Gunjan Saxena - The Kargil Girl Movie Review: Janhvi Kapoor steers a rocky flight

Gunjan Saxena - The Kargil Girl Movie Review: Janhvi Kapoor steers a rocky flight

Sharan Sharma helms a featherweight biopic on the esteemed IAF pilot 
Rating:(2 / 5)

Hindi war films were once insufferably long. Even Lakshya (2004), a coming-of-age story backdropped on the Kargil War, took a languid 185 minutes to reach the summit. By contrast, Gunjan Saxena—building up to the same event but based on a real-life character—runs a little under two hours. The briskness, however welcome, only costs the film. We bounce so swiftly from event to event, that there's little time to get to know the protagonist closely. The result is a biopic by compression, a life reduced to a series of facts. 

Cast: Janhvi Kapoor, Pankaj Tripathi, Angad Bedi, Vineet Kumar Singh

Director: Sharan Sharma

Streaming on: Netflix

The fanciful pace is promptly established. On a flight in 1984, Gunjan, barely ten, is ushered into the cockpit. Instantly, her dreams are shaped: she wants to become a pilot, her childhood wish maturing into a serious ambition as she grows up. Gunjan's father (Pankaj Tripathi) is supportive of her dreams. He helps her train and crack into the first batch of female pilots in the Air Force. But her brother, Anshuman, also in the army, is dismissive: a thorny mix of condescension and overprotectiveness, wonderfully sold by Angad Bedi. 

The family drama is refurbished in the following chapters. At the academy, Gunjan (Janhvi Kapoor) is put down by various authority figures. A stern instructor (Vineet Kumar Singh) tells her she's "too weak" for combat. Her batchmates cook up ridiculous excuses to avoid flying with her. Manav Vij plays a hardened commander with an eye for talent. All this is potent stuff — a glimpse into the sustained pushback faced by pioneering officers like Gunjan Saxena, and which women aspirants still continue to face. 

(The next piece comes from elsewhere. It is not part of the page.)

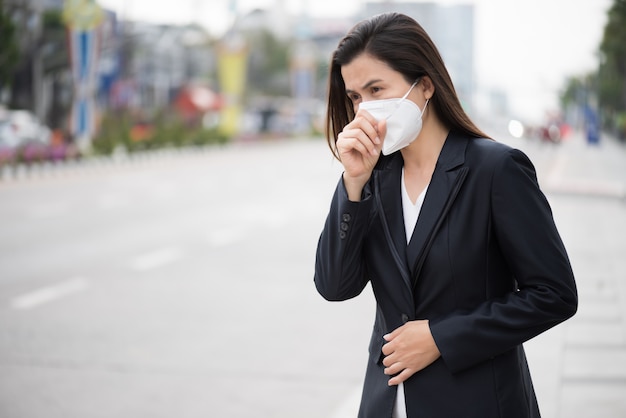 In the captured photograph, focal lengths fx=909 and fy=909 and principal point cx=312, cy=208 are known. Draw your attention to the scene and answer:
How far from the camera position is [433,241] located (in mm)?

Yet, nothing truly clicks. The problem lies in the way director Sharan Sharma and co-writer Nikhil Mehrotra keep raising the stakes. Gunjan faces sexism at home, at the academy and finally on the battlefield (a politician on TV argues that female recruits are a liability). The mounting odds leave little room for Gunjan to grow as a character. She's a heroine all through: a model of braveness, determination and grit. When she calls out a superior on his fragile masculinity, it's the film talking on Gunjan's behalf, not a young girl risking her hopes and dreams.

Janhvi, in her third feature appearance, takes time easing up to the screen. She spends her early scenes wrapped up in her character's ambitions (Pankaj Tripathi, acutely aware of this deficit, compensates with his trademark humour). Yet, once the action picks up, Janhvi manages to hold her own, darting across the frame and pausing to catch her breath. Her agility on the tarmac is let down by the flying scenes: a series of dull sorties followed by a rescue operation in the hills. 

In Lakshya, there’s a scene where Hrithik Roshan absconds from military school. Gunjan pulls something similar here, though not for a lack of will. Once home, she catches up with a friend who's getting married — a prompt for Gunjan to not give up and settle down. The idea is echoed throughout: the notion that a girl must chase her dreams or ‘retreat into the kitchen’. It's a binary we encounter often: a rigid stance for movies meant to liberate, not restrict.

The film's best moment does not involve Gunjan or her squad. Late one night, Anshuman joins his father for a drink. He complains that he has always indulged Gunjan, allowed her to play cricket with the boys and watch late-night shows. "I feel you care more about her happiness than her safety," Anshuman says. Pankaj Tripathi blinks, then murmurs softly: “I think you should not drink.”